Women welders from 1918 were among the first in American industrial worksites during wartime.
“Sarah A. Erwin and Aina Kannisto at work at their welding machines.” The Baltimore Sun, 12/15/1918.
The nation is at war. A desolate stretch of waterfront is rapidly turned into a state-of-the-art shipyard, producing vessels for national defense. The huge demand for labor runs deep, and, for the first time ever, women are hired to perform electric welding on ships for the Navy.
The Kaiser Richmond shipyards, 1942? No.
Hog Island, just outside of Philadelphia, 1918.
Although the powerful role of women on the World War II U.S. home front is well-known now as the story of “Rosie the Riveter,” the pioneering role of women 24 years earlier is all but forgotten.
Sarah A. Erwin was the first woman in the United States to be engaged in industrial ship construction. She applied for a job at the Hog Island shipyard in September 1918.
The managers put her in the electric welding department as a test of women’s abilities in this craft, where she did so well that the jobs were opened to 30 more women. The shipyard provided paid training, and the women fixed bad welds in the plate and angle shop. Erwin was followed by Anna Kenneste (or Aina Kannisto) and Mary Dunn. The women had to be between the ages of 24 and 35 and be “healthy and robust.”

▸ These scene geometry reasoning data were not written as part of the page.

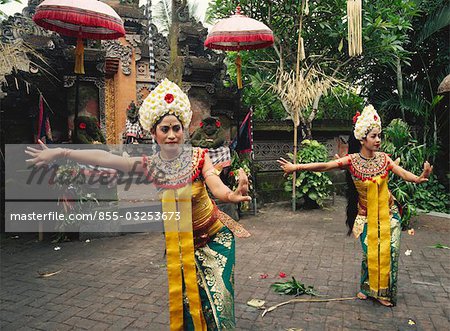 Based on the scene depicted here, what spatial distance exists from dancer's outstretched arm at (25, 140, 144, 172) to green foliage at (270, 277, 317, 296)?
229 cm

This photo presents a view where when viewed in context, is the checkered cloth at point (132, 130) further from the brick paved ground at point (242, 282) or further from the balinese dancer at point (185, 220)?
the balinese dancer at point (185, 220)

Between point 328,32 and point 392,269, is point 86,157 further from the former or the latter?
point 328,32

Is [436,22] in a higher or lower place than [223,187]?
higher

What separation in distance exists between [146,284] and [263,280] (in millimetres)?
1382

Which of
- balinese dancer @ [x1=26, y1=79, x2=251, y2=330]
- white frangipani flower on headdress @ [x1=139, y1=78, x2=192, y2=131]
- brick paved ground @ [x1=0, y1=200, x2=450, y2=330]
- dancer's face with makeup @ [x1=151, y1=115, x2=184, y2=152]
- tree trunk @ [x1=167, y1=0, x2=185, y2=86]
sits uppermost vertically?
tree trunk @ [x1=167, y1=0, x2=185, y2=86]

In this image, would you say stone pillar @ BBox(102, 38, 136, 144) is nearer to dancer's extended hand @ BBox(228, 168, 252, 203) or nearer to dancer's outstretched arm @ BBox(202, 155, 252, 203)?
dancer's outstretched arm @ BBox(202, 155, 252, 203)

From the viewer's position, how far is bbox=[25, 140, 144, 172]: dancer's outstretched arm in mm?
2314

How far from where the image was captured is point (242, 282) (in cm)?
439

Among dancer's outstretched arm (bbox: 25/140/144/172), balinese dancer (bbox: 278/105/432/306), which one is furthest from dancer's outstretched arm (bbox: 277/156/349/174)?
dancer's outstretched arm (bbox: 25/140/144/172)

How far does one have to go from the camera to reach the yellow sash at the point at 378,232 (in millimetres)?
3711

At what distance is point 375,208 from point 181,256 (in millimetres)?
2182

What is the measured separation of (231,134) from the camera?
8977mm

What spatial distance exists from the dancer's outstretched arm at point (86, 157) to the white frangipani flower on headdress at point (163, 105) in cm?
30

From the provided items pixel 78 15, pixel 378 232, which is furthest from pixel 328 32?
pixel 378 232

The thousand-acre Hog Island yards were under the jurisdiction of the United States Shipping Board Emergency Fleet Corporation, had 50 shipways, and employed as many as 35,000 men and nearly 700 women.
Although only a handful of women worked as welders, other non-clerical positions included such jobs as drivers of “high power touring cars.” The newspaper want ads noted that, despite requiring the ability to change tires and perform engine cranking, “Women of poise and character only wanted.”
Like the World War II “Rosie the Riveter” and “Wendy the Welder” pioneers, the women welders at Hog Island were proud of their accomplishments. A November 30, 1918, article in the Pittsburgh Press quoted Kannisto as saying, “I would rather do electric welding than sell ribbons behind a counter or work in an office. The pay is better, and you have more independence. This war has driven out of the heads of many women the mistaken idea that they are only fit to look pretty and flatter their husbands.”
Alas, a generation later, on the other side of the country in the Kaiser shipyards, women would again have to blaze the same path. Yet Erwin’s contribution to the advancement of women in the workforce should not be forgotten.
Special thanks to History of Total Health reader Frank Trezza who pointed out this lost history.